Let me just say: niacinamide itself is not known to be annoying; In fact, most people find it very tolerable, as opposed to strong acid or retinol. Rather, it is niacinamide overload which can create problems, as you do not need too much concentration to cut its benefits. “Most niacinamide studies use 2% to 5% ingredients,” wrote cosmetic chemists Victoria Fu and Gloria Lu previously for mbg. “There’s no reason to think that 30% niacinamide is six times more effective than 5% niacinamide. You’re more likely to irritate your skin with ultra-high concentrations than anything else.” While vitamin B is a favorite for strengthening skin barriers, an overdose can actually cause sensitivity, skin irritation and redness – but you should set it if you are stuck at 2 to 5% concentration.

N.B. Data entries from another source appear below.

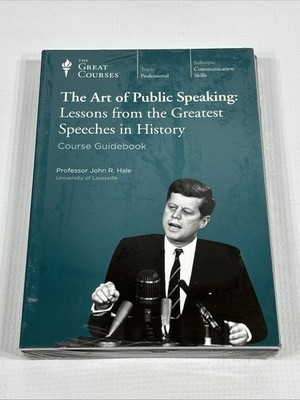 Art Of Public Speaking: Greatest Speeches History Great Courses (DVD/Guide) New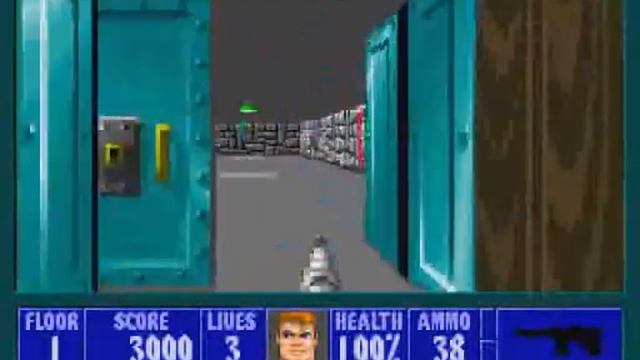 Wolfenstein 3D Parody Danes Face In Secret Passage By Elevator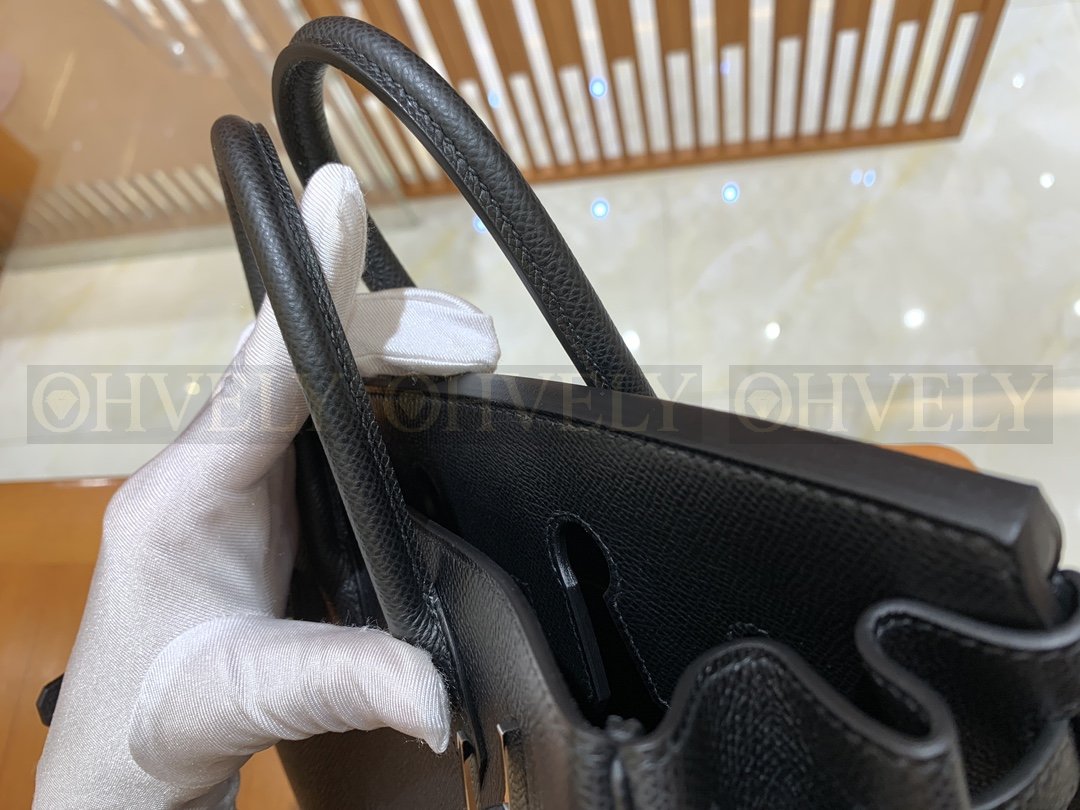 【 ZP버전 】HM Birkin 버킨 백 블랙 실버버클 25 상품 썸네일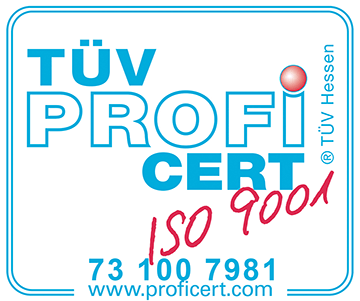 TÜV Profi Cert für das Management nach DIN EN ISO 9001:2015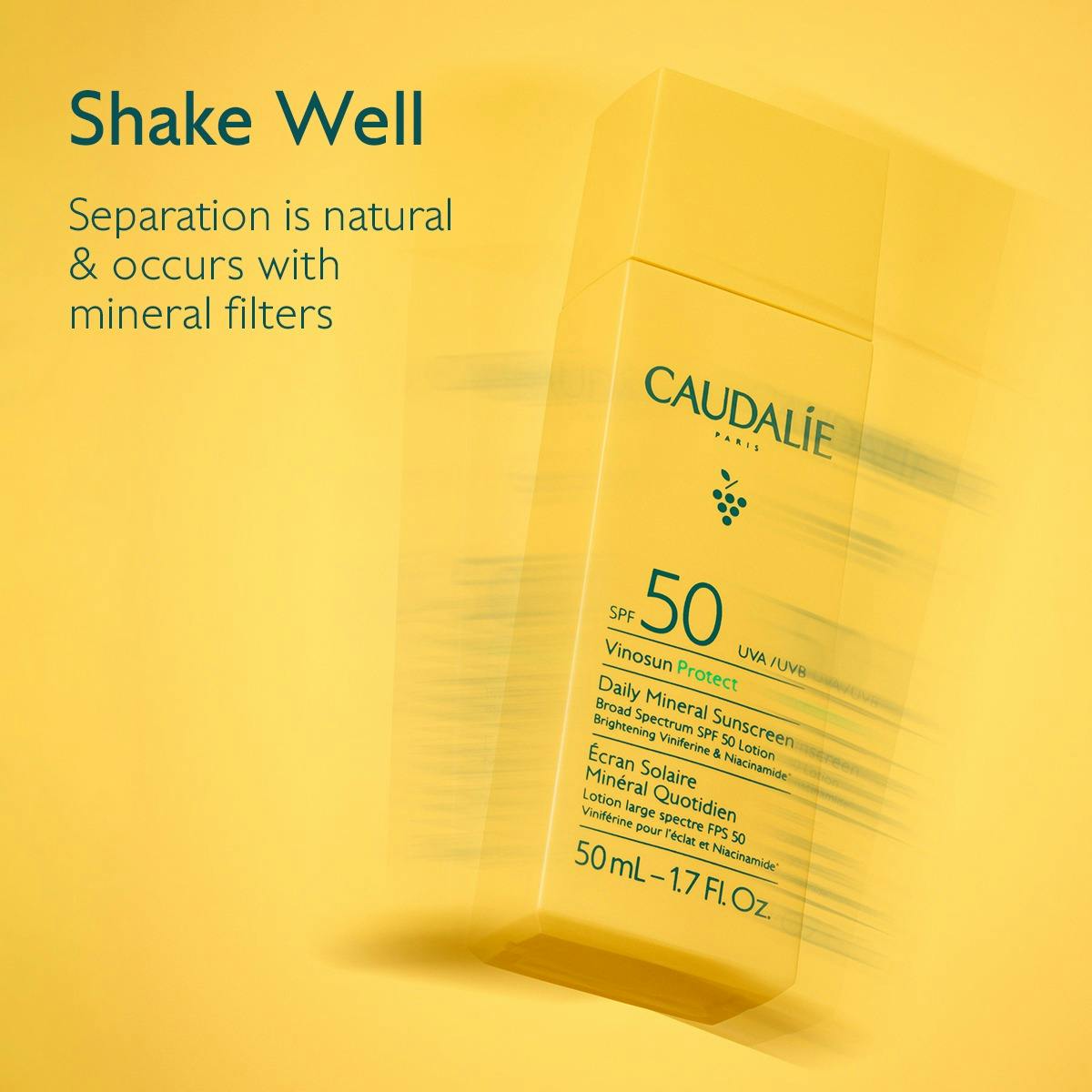 Caudalie Vinosun Protect Daily Mineral Sunscreen SPF50 Lotion 1.7oz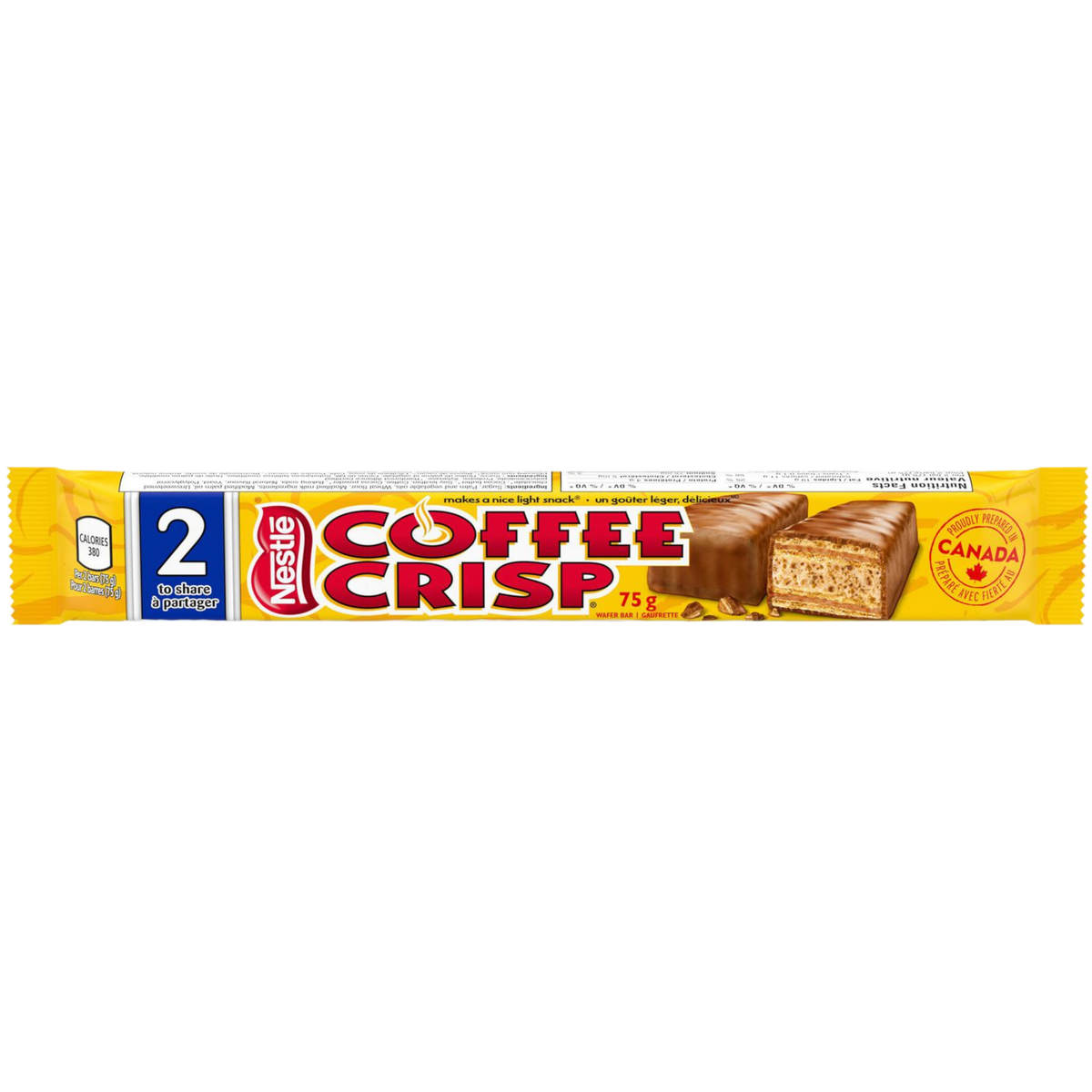 Nestle Coffee Crisp Share Size (Canada) 2.65oz (75g) Poppin Candy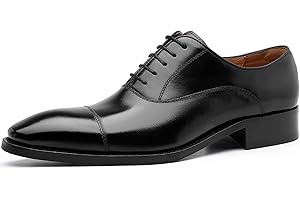DESAI Chaussure Derbys Homme à Lacets Classique Oxford de Ville Cuir Détente Moderne Affaires Mariage Brock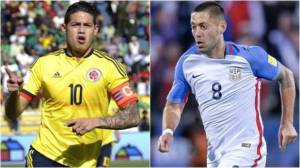 Estados Unidos enfrenta a Colombia en la Copa América Centenario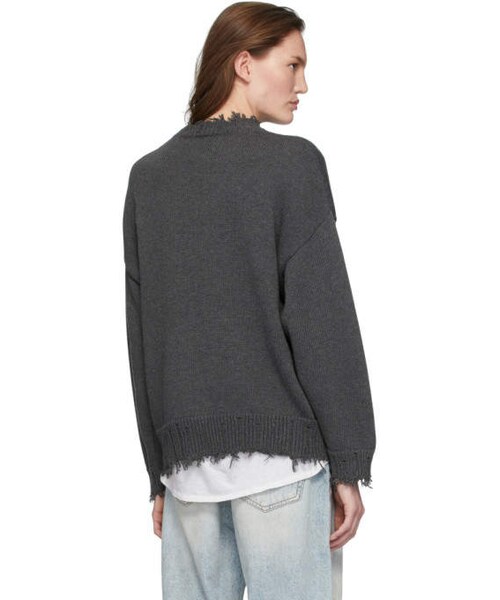 R13(アールサーティーン)の「R13 Grey The Velvet Underground Edition Oversized Crewneck(ニット/セーター・レディース・Dk Grey・S)」の5枚目の写真
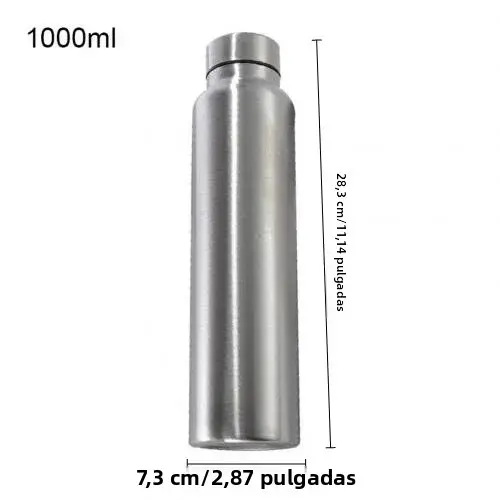 Botella De Agua De Acero Inoxidable 650ml/1000ml Botella Deportiva Portátil Para Bicicleta Y Exteriores Eco-amigable - 1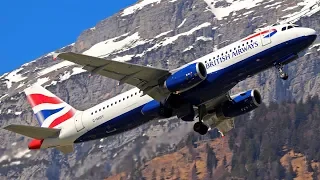 INNSBRUCK AIRPORT Planespotting - ONE OF THE MOST SPECTACULAR AIRPORT IN EUROPE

Here’s how things get complicated: Niacinamide has quickly become the crown jewel of skin care, its bundle of benefits (moisture! Oil control! Brightness!), And brands are making tremendous strides with it. “You can get more niacinamide than you think, because it’s included in many products,” Landrisina explained.
It’s one of the simplest active ingredients out there – it even combines well with the infamous glamorous vitamin C. “So brands often throw it into products as an extra,” Landrisina added But that “excess” of niacinamide can easily tip the scales from nutritious to irritating, especially if you unknowingly accumulate forms of vitamin B3.